Two vulnerabilities were found in Snap and allowed to run code as root

Qualys unveiled the news that I identify two vulnerabilities (CVE-2021-44731 and CVE-2021-44730) in the snap-confine utility, sent with the root SUID flag and called by the snapd process to generate an executable environment for applications distributed in snap packages.

In the blog post it is mentioned that vulnerabilities allow an unprivileged local user to achieve code execution as root in the system.

The first vulnerability allows a physical link manipulation attack, but requires disabling system hardlinks protection (by setting sysctl fs.protected_hardlinks to 0).

The problem it is due to an incorrect verification of the location of the executables of the snap-update-ns and snap-discard-ns utilities that run as root. The path to these files was calculated in the sc_open_snapd_tool() function based on its own path from /proc/self/exe, allowing you to create a hard link to confine in your directory and put your options to snap-update-ns and snap-discard-ns in this directory. When launched from a hard link, snap-confine as root will execute the attacker-substituted snap-update-ns and snap-discard-ns files from the current directory.

Successful exploitation of this vulnerability allows any non-privileged user to gain root privileges on the vulnerable host. Qualys security researchers have been able to independently verify the vulnerability, develop an exploit, and gain full root privileges on default Ubuntu installations.
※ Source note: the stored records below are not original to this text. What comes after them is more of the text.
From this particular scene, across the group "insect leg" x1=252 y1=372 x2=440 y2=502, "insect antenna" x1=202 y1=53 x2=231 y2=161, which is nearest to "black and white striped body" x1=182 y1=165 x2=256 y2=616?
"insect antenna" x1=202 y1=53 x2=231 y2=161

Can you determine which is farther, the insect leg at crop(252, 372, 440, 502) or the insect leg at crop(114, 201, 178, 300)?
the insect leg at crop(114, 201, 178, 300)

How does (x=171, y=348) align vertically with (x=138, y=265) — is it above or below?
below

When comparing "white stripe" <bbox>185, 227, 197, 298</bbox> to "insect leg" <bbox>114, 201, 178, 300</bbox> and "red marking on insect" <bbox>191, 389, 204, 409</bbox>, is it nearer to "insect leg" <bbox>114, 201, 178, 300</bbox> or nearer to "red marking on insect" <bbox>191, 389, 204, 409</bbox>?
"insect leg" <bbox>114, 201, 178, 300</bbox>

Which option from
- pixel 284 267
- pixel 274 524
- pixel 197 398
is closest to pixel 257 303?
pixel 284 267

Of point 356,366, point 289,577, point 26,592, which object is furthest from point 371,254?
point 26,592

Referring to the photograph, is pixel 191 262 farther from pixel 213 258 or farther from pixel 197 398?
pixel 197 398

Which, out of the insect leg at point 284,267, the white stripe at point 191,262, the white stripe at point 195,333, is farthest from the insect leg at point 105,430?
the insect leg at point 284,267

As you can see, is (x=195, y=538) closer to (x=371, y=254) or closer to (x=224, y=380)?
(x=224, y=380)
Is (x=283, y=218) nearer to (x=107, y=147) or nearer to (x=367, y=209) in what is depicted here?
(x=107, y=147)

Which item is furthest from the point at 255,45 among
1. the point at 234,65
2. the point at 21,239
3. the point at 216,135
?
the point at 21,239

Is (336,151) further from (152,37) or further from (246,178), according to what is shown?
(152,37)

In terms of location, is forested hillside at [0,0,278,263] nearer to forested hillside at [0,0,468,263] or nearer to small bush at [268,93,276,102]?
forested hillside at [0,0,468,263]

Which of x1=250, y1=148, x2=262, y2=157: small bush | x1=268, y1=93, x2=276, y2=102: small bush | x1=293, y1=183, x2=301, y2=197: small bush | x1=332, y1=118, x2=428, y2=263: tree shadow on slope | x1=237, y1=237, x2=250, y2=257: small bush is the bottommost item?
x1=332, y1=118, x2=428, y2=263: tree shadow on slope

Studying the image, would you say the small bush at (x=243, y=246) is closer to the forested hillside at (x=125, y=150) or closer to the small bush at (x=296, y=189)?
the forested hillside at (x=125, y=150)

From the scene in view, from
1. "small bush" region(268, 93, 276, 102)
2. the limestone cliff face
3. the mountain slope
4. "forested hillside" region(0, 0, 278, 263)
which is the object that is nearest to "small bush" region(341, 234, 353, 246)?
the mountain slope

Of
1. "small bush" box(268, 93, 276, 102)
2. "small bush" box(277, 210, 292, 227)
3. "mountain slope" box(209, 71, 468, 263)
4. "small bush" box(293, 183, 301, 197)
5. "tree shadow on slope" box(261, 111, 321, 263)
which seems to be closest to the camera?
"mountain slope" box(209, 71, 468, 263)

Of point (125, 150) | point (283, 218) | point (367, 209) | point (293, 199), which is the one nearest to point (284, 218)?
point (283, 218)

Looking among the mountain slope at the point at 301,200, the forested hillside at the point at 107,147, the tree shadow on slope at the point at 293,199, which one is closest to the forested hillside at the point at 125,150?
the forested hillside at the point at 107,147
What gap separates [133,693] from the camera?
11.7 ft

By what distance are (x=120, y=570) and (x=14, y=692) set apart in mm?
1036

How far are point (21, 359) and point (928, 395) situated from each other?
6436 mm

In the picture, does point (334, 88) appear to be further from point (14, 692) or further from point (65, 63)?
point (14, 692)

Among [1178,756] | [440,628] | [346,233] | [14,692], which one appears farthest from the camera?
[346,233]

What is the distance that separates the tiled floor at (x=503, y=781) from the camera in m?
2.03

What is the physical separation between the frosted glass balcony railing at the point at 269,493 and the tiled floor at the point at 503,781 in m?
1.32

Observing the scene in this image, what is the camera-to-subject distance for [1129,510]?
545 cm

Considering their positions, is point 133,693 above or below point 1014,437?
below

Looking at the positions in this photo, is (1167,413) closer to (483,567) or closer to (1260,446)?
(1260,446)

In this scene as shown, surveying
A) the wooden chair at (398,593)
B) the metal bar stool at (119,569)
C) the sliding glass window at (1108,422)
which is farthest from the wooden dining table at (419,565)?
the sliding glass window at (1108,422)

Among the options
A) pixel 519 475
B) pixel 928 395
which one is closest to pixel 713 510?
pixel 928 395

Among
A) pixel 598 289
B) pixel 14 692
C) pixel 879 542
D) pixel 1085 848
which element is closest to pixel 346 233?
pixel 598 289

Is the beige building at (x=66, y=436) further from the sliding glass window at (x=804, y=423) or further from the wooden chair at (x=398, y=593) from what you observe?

As soon as the Qualys research team confirmed the vulnerability, we engaged in responsible vulnerability disclosure and coordinated with vendor and open source distributions to announce this newly discovered vulnerability.
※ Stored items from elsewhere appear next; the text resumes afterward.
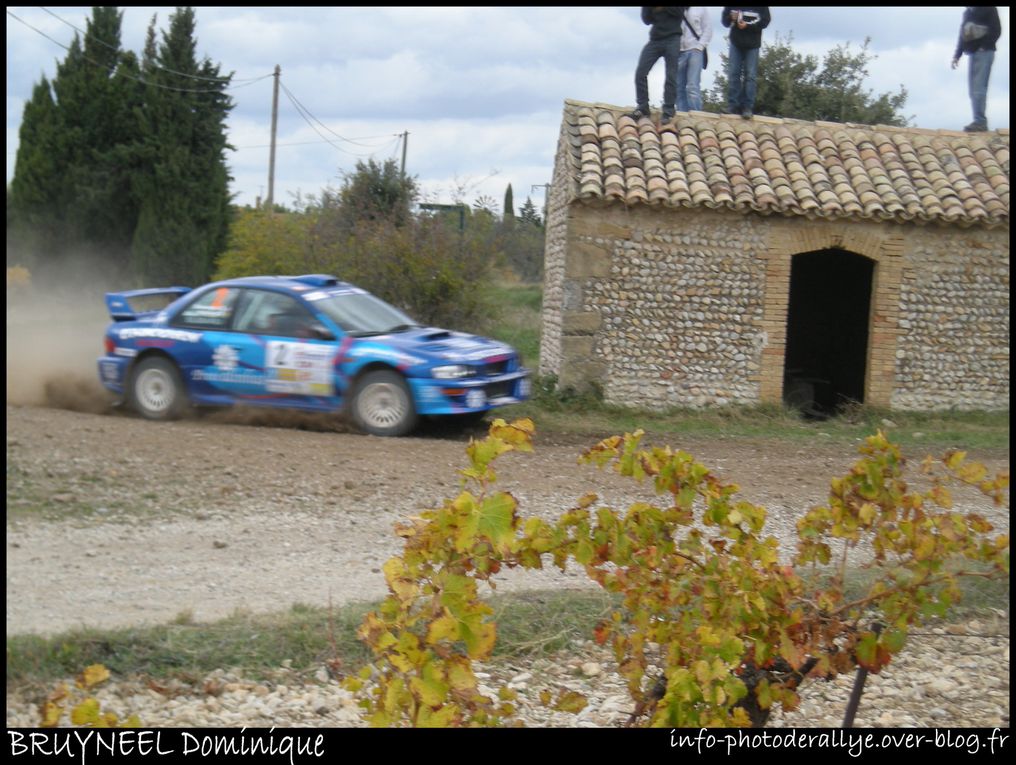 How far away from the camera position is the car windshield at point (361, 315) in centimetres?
1114

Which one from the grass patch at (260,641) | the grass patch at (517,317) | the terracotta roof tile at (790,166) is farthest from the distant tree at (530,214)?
the grass patch at (260,641)

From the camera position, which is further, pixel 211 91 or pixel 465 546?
pixel 211 91

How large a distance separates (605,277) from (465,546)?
437 inches

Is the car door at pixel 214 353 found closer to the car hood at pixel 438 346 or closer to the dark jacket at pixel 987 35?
the car hood at pixel 438 346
The second vulnerability is caused by a race condition and can be exploited in the default Ubuntu desktop configuration. For the exploit to work successfully on Ubuntu Server, you must select one of the packages from the "Featured Server Snaps" section during installation.

race condition manifests in the setup_private_mount() function called during preparation of the mount point namespace for the instant package. This function creates a temporary directory "/tmp/snap.$SNAP_NAME/tmp" or uses an existing one to link and mount directories for the snap package to it.

Since the name of the temporary directory is predictable, an attacker can change its contents to a symbolic link after verifying the owner, but before calling the mount system. For example, you can create a symlink "/tmp/snap.lxd/tmp" in the /tmp/snap.lxd directory that points to an arbitrary directory and the mount() call will follow the symlink and mount the directory in the space of names.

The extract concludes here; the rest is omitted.